The Conversation | 26 September 2013
The vice-chancellor of Newcastle University explains why we need to keep our universities open
As the new government settles in, there has been heated speculation around major changes to the higher education system. Education minister Christopher Pyne’s comments to the media have raised questions across the sector about the Coalition’s vision for universities in Australia.
Universities will certainly welcome Pyne’s focus on building a more competitive international education market and reducing our regulatory burden. Government support for a concept of “earned autonomy” and an understanding that universities are prepared to be accountable for the quality of their programs and graduates would also be well-received.
However, of concern is the implication in Pyne’s statements that the demand-driven system of student funding, which has seen 190,000 more students enter our universities, is associated with a drop in quality.
As the University of Newcastle’s vice-chancellor I know from experience that widening access to a greater number of students has not meant compromising on quality. The percentage of students from low socio-economic (SES) backgrounds enrolled at Newcastle is 26.3%, well above the national average of 16% – but our student retention rate is above 80%. Similarly, there is only a 0.3% difference in success rates between low SES students and those from other backgrounds – indicating that widening access has done nothing to diminish student success.
It is also worth noting that our student satisfaction scores with teaching, as measured by the Good Teaching Scale of the Australian Graduate Survey, have improved by 11% since 2011 – another signal that increasing participation and a high-quality student experience are not mutually exclusive.
What the Minister’s initial comments have prompted is the need to establish a shared understanding of what defines a quality university system – a system which can face the productivity and innovation challenges that Australia will face in this next decade.
According to the Australian Workforce Productivity Agency, our prosperity in this Asian century will require a highly educated workforce to support innovative industries and businesses. We will need to address the projected deficit of up to 280,000 qualified people by 2025. This would not be the time to restrict the opportunity for bright and able Australians to benefit from a university education.
Supporting excellence in teaching and research, wherever it may be found, will enable Australia to leverage its position as one of Asia’s strong knowledge and innovation hubs. Building a strong university system based on quality and excellence, rather than concentrating support in a limited number of universities, will build resilience as we compete and collaborate in equal measure with our Asian university counterparts.
The new government is now the steward of a diverse and successful university sector that is relatively young in world terms. In 2012, an independent audit of national research excellence – the Excellence in Research for Australia assessment – found that more than half of Australian research at or above world standard was being conducted in non-sandstone universities like our own.
A definition of a quality university would be one that is prepared to test its standards against the world’s best and helps students from all backgrounds to reach them. In this context, we look forward to working with the new minister as he consults with those institutions, like our own, working in regions where there is a relatively low rate of higher education participation. Universities in regions play a key role in building the productivity and skills to meet the challenges of Australia’s economic transition.

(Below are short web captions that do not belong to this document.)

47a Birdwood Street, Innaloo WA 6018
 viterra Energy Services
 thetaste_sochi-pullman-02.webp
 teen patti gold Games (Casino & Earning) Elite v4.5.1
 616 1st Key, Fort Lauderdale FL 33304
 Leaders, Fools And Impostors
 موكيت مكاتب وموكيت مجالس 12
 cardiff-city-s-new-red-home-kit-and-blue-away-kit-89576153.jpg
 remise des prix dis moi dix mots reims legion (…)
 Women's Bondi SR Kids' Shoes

In times of financial constraint, it is tempting to rely on seemingly simple proxy measures for quality, such as the entry scores of university students or indeed the age of a university. Let’s move beyond these and establish a shared definition of a quality university system which ensures that education, research and innovation in Australia is future-proofed.
Australia faces a future dependent on skills, productivity and innovation as well as some tough financial challenges. We can be open about the difficulties of funding a sustainable university sector – but what we can’t do is rely on narrow definitions of quality – at either the institutional or system level – to resolve short-term financial challenges.
To do so would risk a greater cost – our future prosperity.